Hurricane Nicole was reluctant to give up hurricane status as it moved northward across the Atlantic Ocean after raking Bermuda.
On October 16, 2016 – four days after the storm drenched Bermuda – the Moderate Resolution Imaging Spectroradiometer (MODIS) aboard NASA’s Terra satellite captured this true-color image of Hurricane Nicole in the North Atlantic Ocean. The storm retained a distinct eye and bands of convection, despite cold sea surface temperatures and adverse conditions.
Near the time this image was captured, the National Hurricane Center (NHC) reported that Hurricane Nicole was located about 175 mi (1155 km) south-southwest of Cape Race, Newfoundland. The storm sported maximum sustained winds of 75 mph (120 km/h), making it a minimal Category 1 hurricane on the Saffir-Simpson Hurricane Wind Scale. It was moving east-northeast at 20 mph (31 km/h).

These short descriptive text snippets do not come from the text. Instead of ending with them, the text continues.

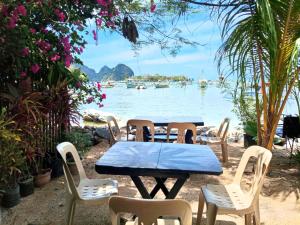 a table and chairs with a view of the water at Aquing's Place in El Nido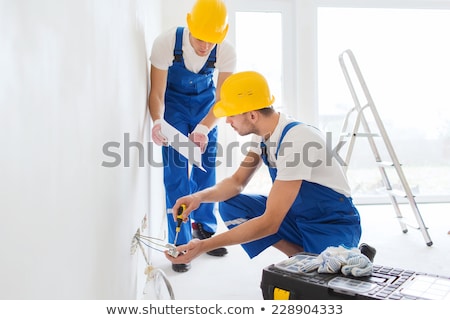 Stockfoto: Electrical Team Wiring A Room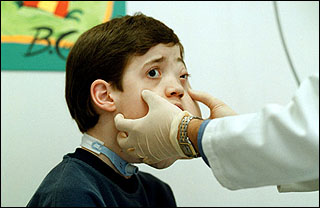 doctor examining Sam&rsquo;s face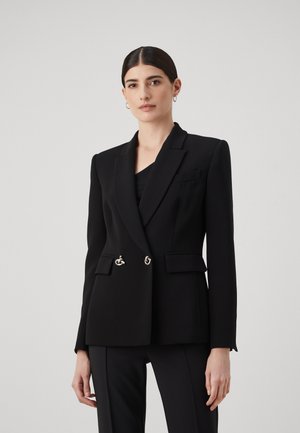 Blazer nero su misura in tessuto strutturato. Presenta un design doppiopetto, dettagli in hardware argentato e tasche laterali. Texture liscia.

On October 17, Nicole retained Category 1 strength as it lingered in the northern Atlantic Ocean. Nicole is a large hurricane. NHC estimated hurricane-force winds extend outward up to 90 miles (150 km) from the center and tropical-storm-force winds extend outward up to 415 miles (665 km). The estimated minimum central pressure is 962 millibars.

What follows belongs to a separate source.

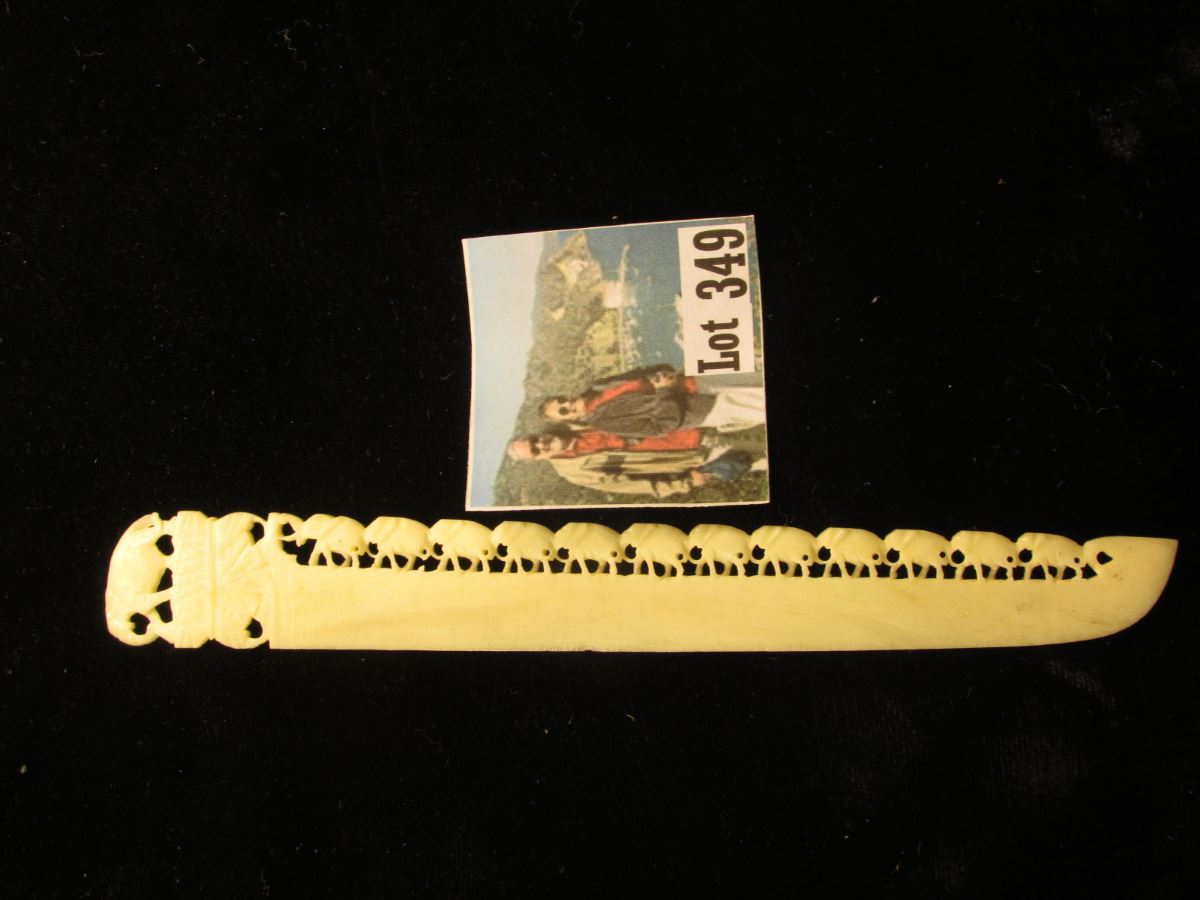 Ivory Letter Opener with Elephants following elephants ornate carvings. 7".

Nicole is expected to continue producing hurricane force winds while moving northward over the cooler waters of the North Atlantic Ocean. NHC predicts that Nicole’s center will cool and transition to a strong extra-tropical cyclone on October 18 as it heads toward Iceland.
Nicole has left a lasting impression on the ocean as swells from the storm are expected to affect a great deal of coastlines. The National Hurricane Center noted that “large swells associated with Nicole will affect the United States east coast, the coast of Atlantic Canada, Bermuda, the Bahamas, the Greater Antilles, the Leeward Islands, and the Azores islands for the next several days, creating dangerous surf conditions and rip currents. These swells are also likely to reach Europe and the northwest coast of Africa in a day or two.”